The wise man, as we said in the previous post, is the one who seeks the why of things. Why do ducks migrate? Why are men and women so different? Why do I want to be both bad and good? Why does Mummy not let me eat ants on my sandwich?
There are several common opinions of what makes a person wise. Aristotle lists these in Chapter 2 of the Metaphysics: a wise man has comprehensive knowledge, he knows difficult things, he is capable of teaching others what he knows, he has a speculative (read: useless) type of knowledge, and he is the guy in charge. That sounds about right--the sort of answers you would get if you asked "the man on the street."
Aristotle, of course, takes it one step further. Wisdom, he says, is more than just knowing lots of particular facts (who was the 22nd president? what is an alloy? is lipstick waterproof?). Someone might know lots of trivia and win Jeapordy, but still not be wise.
Wisdom is having a universal knowledge (or, as a priest professor I had liked to say, "Catholic" knowledge!). A wise man knows what is common to many things. This is a difficult knowledge, because it requires that the intellect take what it knows from sensations and draw from those particular things common truths. The most wise man of all will know what is common to all things: he will know BEING itself. He will be able to express the act of being as the first principle.

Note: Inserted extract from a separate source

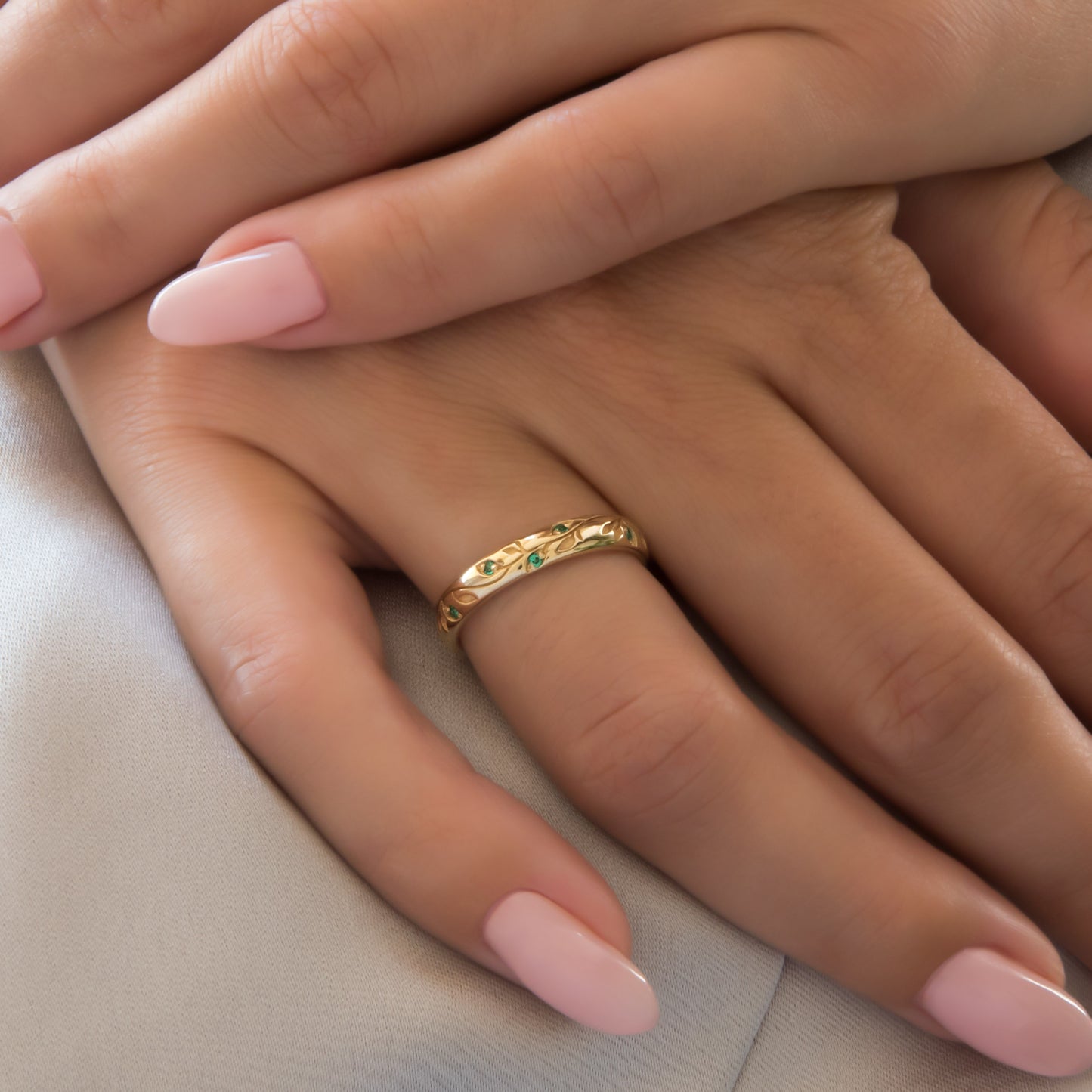 Solid Gold Botanical Wedding Band – Verdure Engraved Leaf Ring with Gemstone Accents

First principles are the key here. A first principle is foundational--if you've got it, you've got the key to understanding all things, the key to wisdom. The first principle is also called the first cause--it is the why of all things. It's the beginning and source of everything else. The wise man has ascended the chain from his particular little sensations to knowledge of the causes and principles of all things.

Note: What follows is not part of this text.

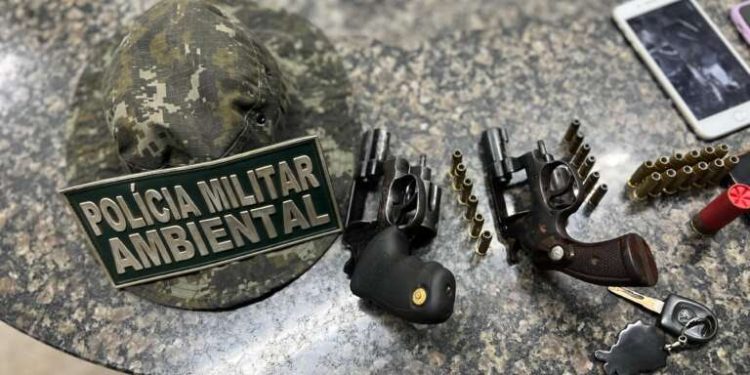 Quatro homens são presos no Crato enquanto transportavam armas de fogo e munições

This may seem awfully difficult. But Aristotle insists that the first cause is the most knowable thing of all. In his terms, it is the most intelligible. That's because it is the source. You can follow the stream of all particular beings back and back to their one source--the first principle, their cause.
That is true wisdom--to see the first cause in all its effects, to see the unity of beings in their source.

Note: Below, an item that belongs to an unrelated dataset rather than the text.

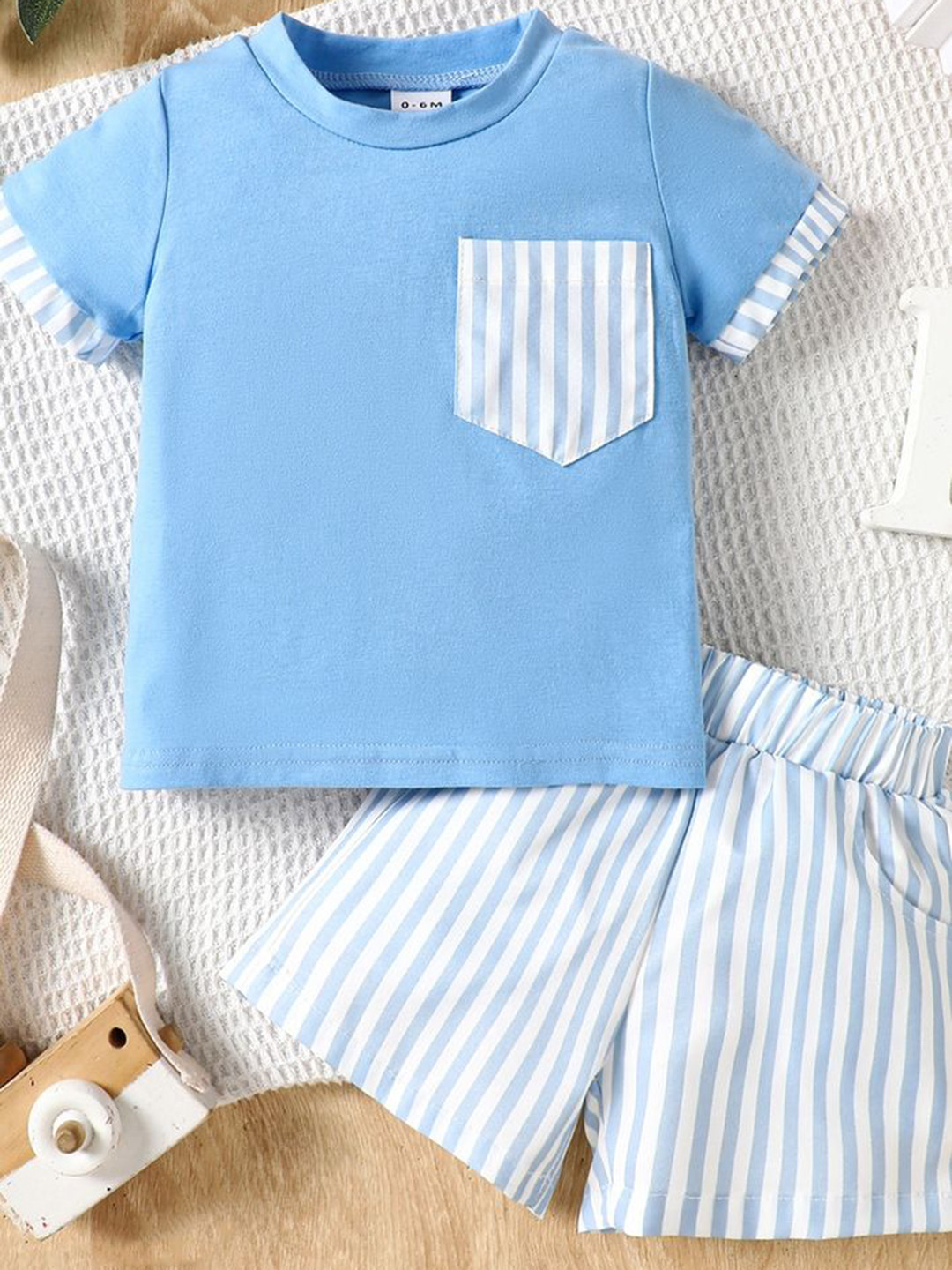 

LULU & SKY Boys Top with Shorts, Blue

Pope John Paul II was very keen on this part of philosophy. For him, as for me and you, contemplating the source was a personal encounter with God, the first cause. This poem is from his trilogy, "Roman Triptych."
I. Wonderment
The undulating wood slopes down
to the rhythm of mountain streams.
To me this rhythm is revealing You,
the Eternal Word.
How amazing is Your silence
in everything, in all that on every side
unveils the world of creation about us ...
all that, like the undulating wood,
runs down every slope ...
all that is carried along
by the silvery stream's cascade,
rhythmically falling from the mountain,
carried by its own current --
carried where?
2. The Source
The undulating wood slopes down
to the rhythm of mountain streams ...
If you want to find the source,
you have to go up, against the current.
Back through, search, don't yield,
you know it must be here somewhere.
Where are you? ... Source, where are you?
Silence ...
Stream, woodland stream,
tell me the secret
of your origin! ~John Paul II, The Stream
That is the sort of prayer I would like Miriam to pray one day. It is the prayer of the wise man.